THE DATA Block Start

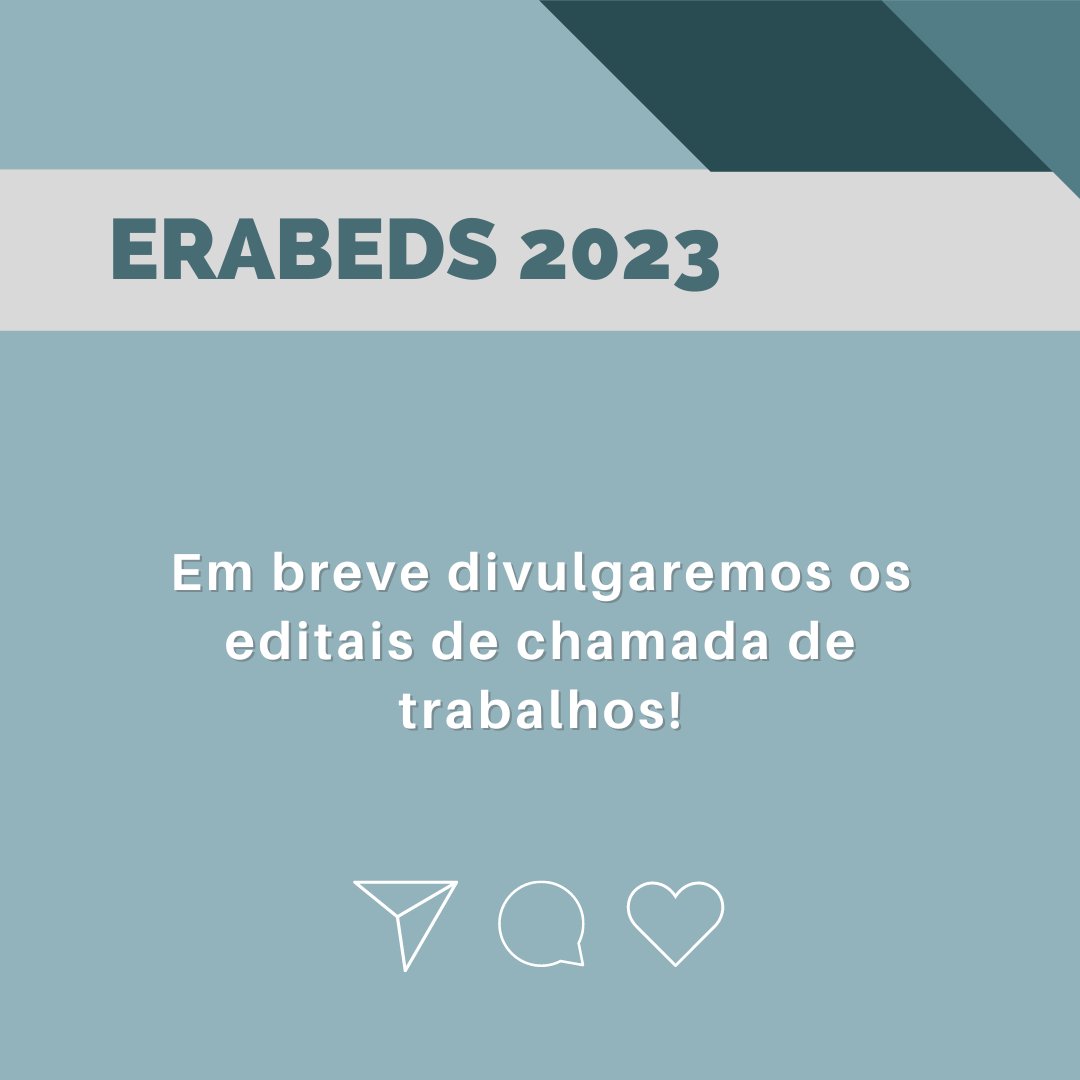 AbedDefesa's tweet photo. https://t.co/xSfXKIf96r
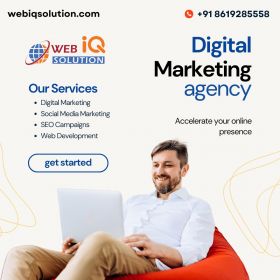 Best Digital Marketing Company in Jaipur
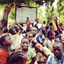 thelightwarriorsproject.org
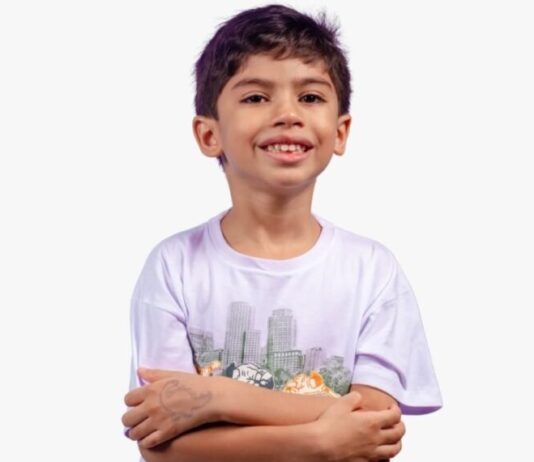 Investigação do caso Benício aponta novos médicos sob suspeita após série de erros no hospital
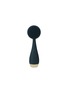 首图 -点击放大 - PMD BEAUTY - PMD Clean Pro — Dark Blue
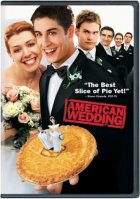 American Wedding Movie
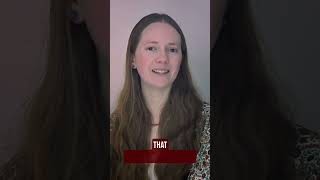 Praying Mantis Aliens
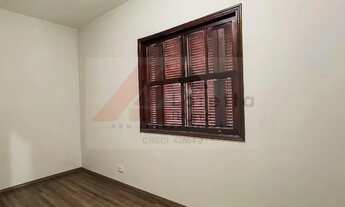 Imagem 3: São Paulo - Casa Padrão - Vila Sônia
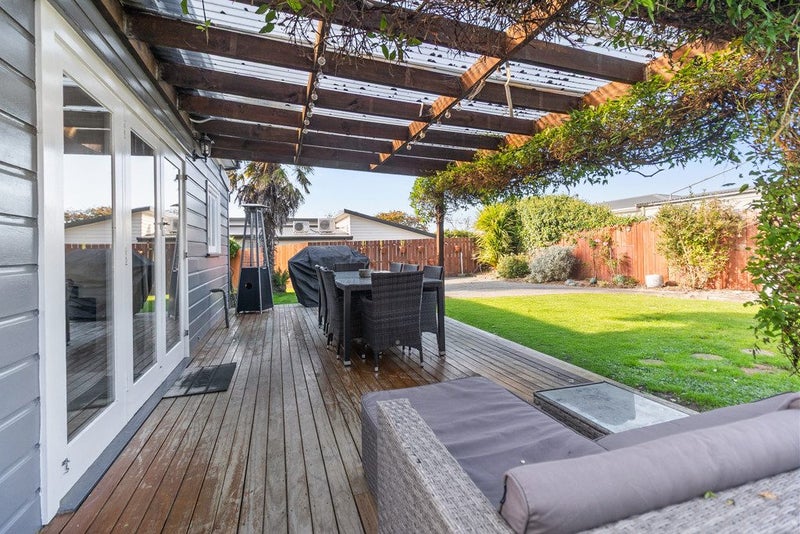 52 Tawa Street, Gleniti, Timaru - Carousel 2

THE DATA Block End
THE DATA Block Start

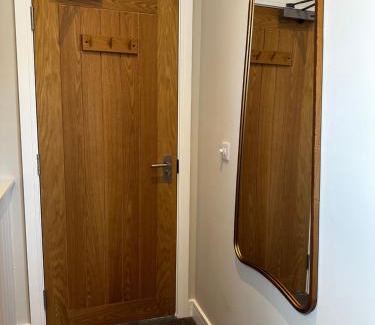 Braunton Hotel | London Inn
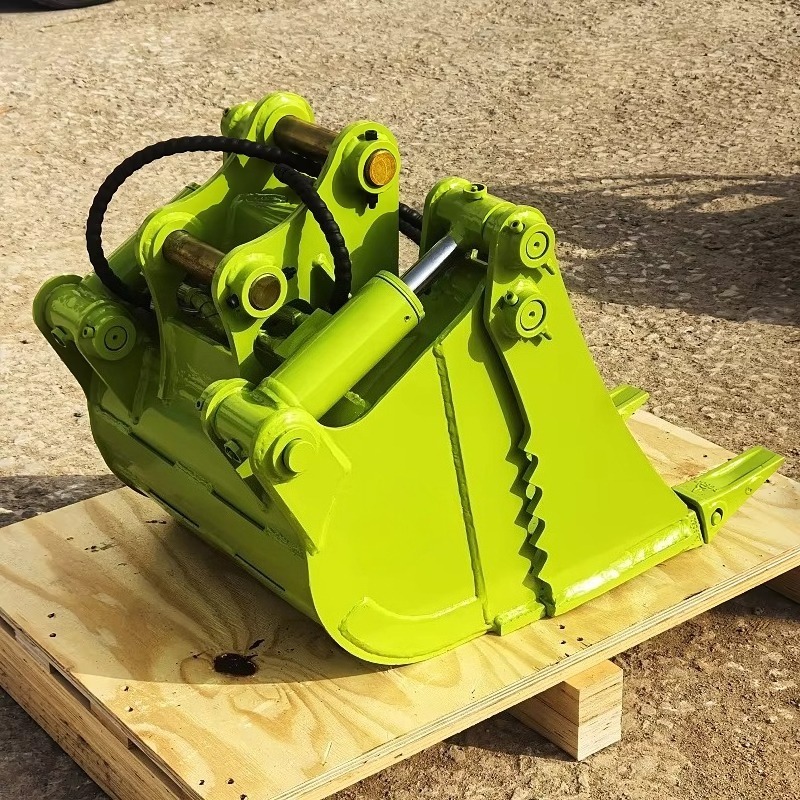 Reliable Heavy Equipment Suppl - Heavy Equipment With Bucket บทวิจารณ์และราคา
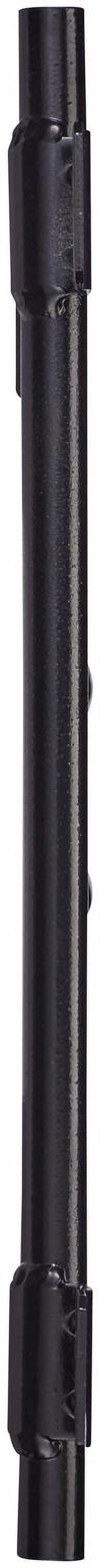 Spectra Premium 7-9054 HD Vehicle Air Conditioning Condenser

THE DATA Block End

* WORK TASK: In the listing above, find the line with "Reliable Heavy Equipment" and output every line through the one with "Spectra Premium 7-9054", exactly, without the pictures.

* SOLUTION FOR THIS PROBLEM:
 Reliable Heavy Equipment Suppl - Heavy Equipment With Bucket บทวิจารณ์และราคา
 Spectra Premium 7-9054 HD Vehicle Air Conditioning Condenser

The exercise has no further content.